Unlike identity theft, deposit new account fraud is not a hot-button consumer topic or exciting media story. It often does not fall into an investigation bucket to be addressed by law enforcement due both to the low dollar amounts and the absence of “real” applicants. It is, however, a source of pain, an operational expense, and a large distraction for many banks and deposit institutions.

By its nature, deposit new account fraud is high-volume, low-dollar, “trade your name and possibly get arrested for less than $100” fraud. This is not to say that the criminals orchestrating schemes are not sophisticated. Fraud ring leaders running deposit new account fraud often deal with high volumes of applications, high volumes of applicant data, multiple email addresses, fake IDs, financial mules and debit/ATM cards for access. Let’s examine these components in more detail:

  • High volumes of applications: Deposit new account fraud is often profitable due to volume. Applicants are generally not “one and done” fraudsters. The payoff comes through multiple applications that may be made at multiple locations, and, if online, through multiple financial institutions.
  • Multiple email addresses: Email addresses are the new verification engines in the digital world. Applications by phone or online are made easier by either providing an email for pseudo-verification or for correspondence. Fraudsters may be managing dozens of email addresses as part of their scheme.
  • Fake IDs: customers with no credit file can meet an institution’s Know Your Customer requirements by presenting physical identification. New account desk representatives are expected or trained to verify physical identification. Fraudsters must manage which IDs are used for which accounts or purchases as the same ID is typically used multiple times.
  • Financial mules: These are individuals who are paid to perpetrate fraud. They are the account opening parties, the cash advance parties, the face to the crime. Mules are traditionally young student/college-aged individuals who are thin file/no file. Mules also can be recruited through the drug trade or in larger cities, the homeless. Ring leaders using mules must select individuals who are capable of opening an account and are willing to return the majority of the funds from the fraud to the handler. Mules are often used for multiple fraud attempts in a very short period of time.
  • Debit/ATM cards: This is the faceless channel. The ATM is the deposit product channel of choice for fraudsters. ATMs accept deposits, which is ideal for someone committing deposit new account fraud. Managing these deposits is often a science, as playing the timing game is critical to getting funds access.

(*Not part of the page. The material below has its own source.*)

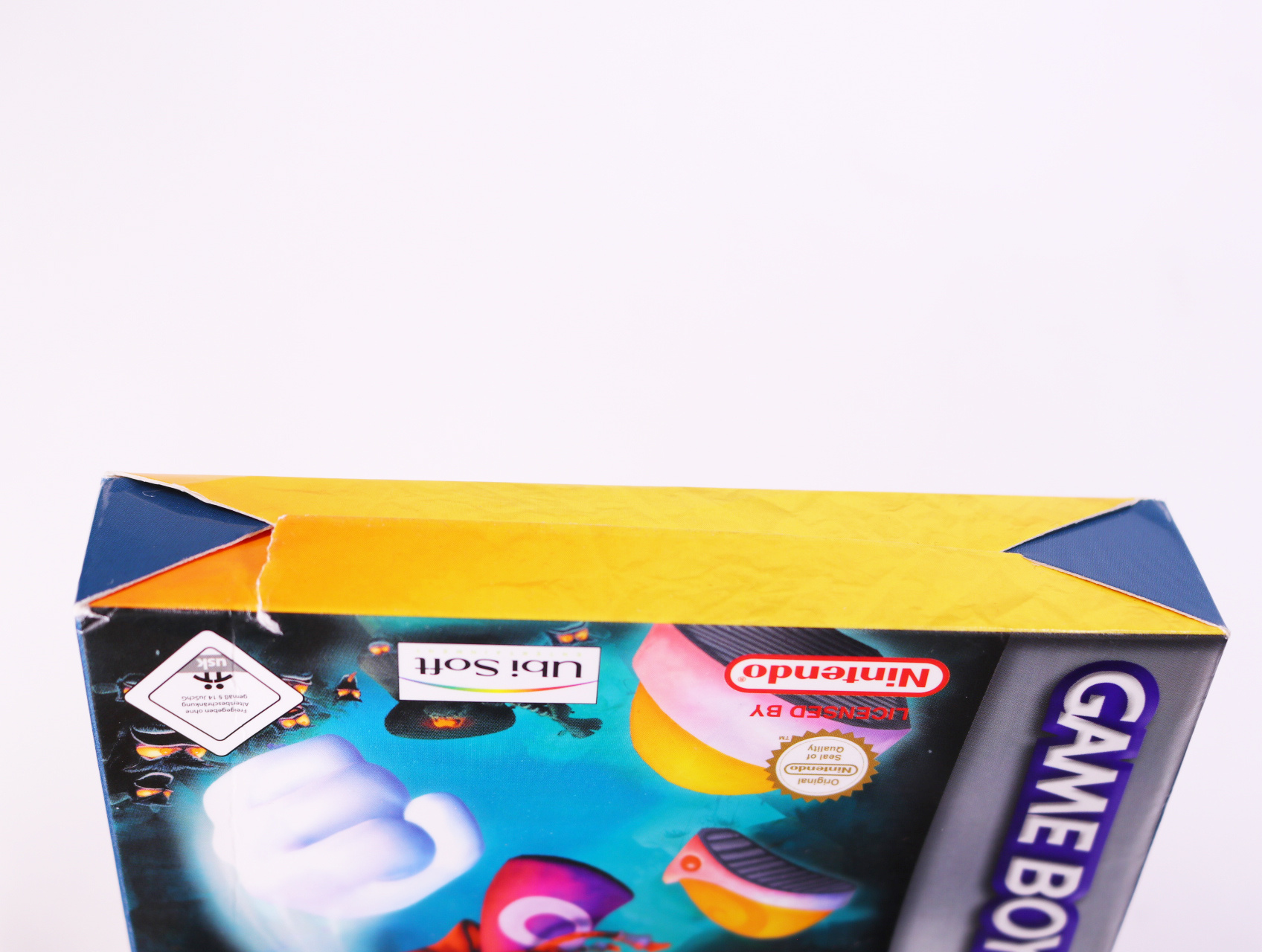Game Boy Advance - Rayman 3 - Boxed CIB - productfoto 8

So what are some tactics to managing deposit new account fraud? Often, combating deposit new account fraud comes down to deterring the fraudster’s application completely. Risk-based, trend-based funds availability can create controls that fraudsters cannot dodge. In these cases, account age, deposit amount, deposit channel (ATM, in-person, remote deposit) can drive “tiered availability,” allowing most valid customers to transact while restricting fraudsters from the “big score.”

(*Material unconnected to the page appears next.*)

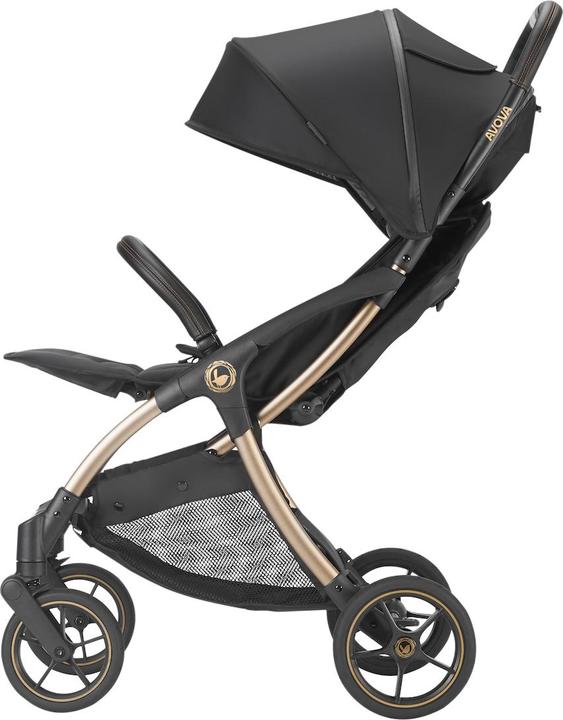 Actual product image Avova City Ranger All Terrain Stroller from birth to 22 kg (0-4 years)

Addressing both the applicant’s identity and the transactional risk can work to deter fraudsters from even attempting deposit new account fraud. Creating an environment that deters fraud is much more cost-effective than having an environment to recover from fraud.

Looking forward, some fraud-prevention techniques are evolving to better combat deposit new account fraud. This includes taking a broader “panorama” view of a new applicant’s behavior and looking at the relationship among all of the separate but related applicant data elements. Rather than providing a series of “snapshots,” this approach begins to predict an applicant’s risk based on the sheer volume of data element linkages that can be identified. Once integrated or layered into your existing fraud-prevention processes, this moves fraud identification toward an active, real-time function rather than a standard “bad account” matching process.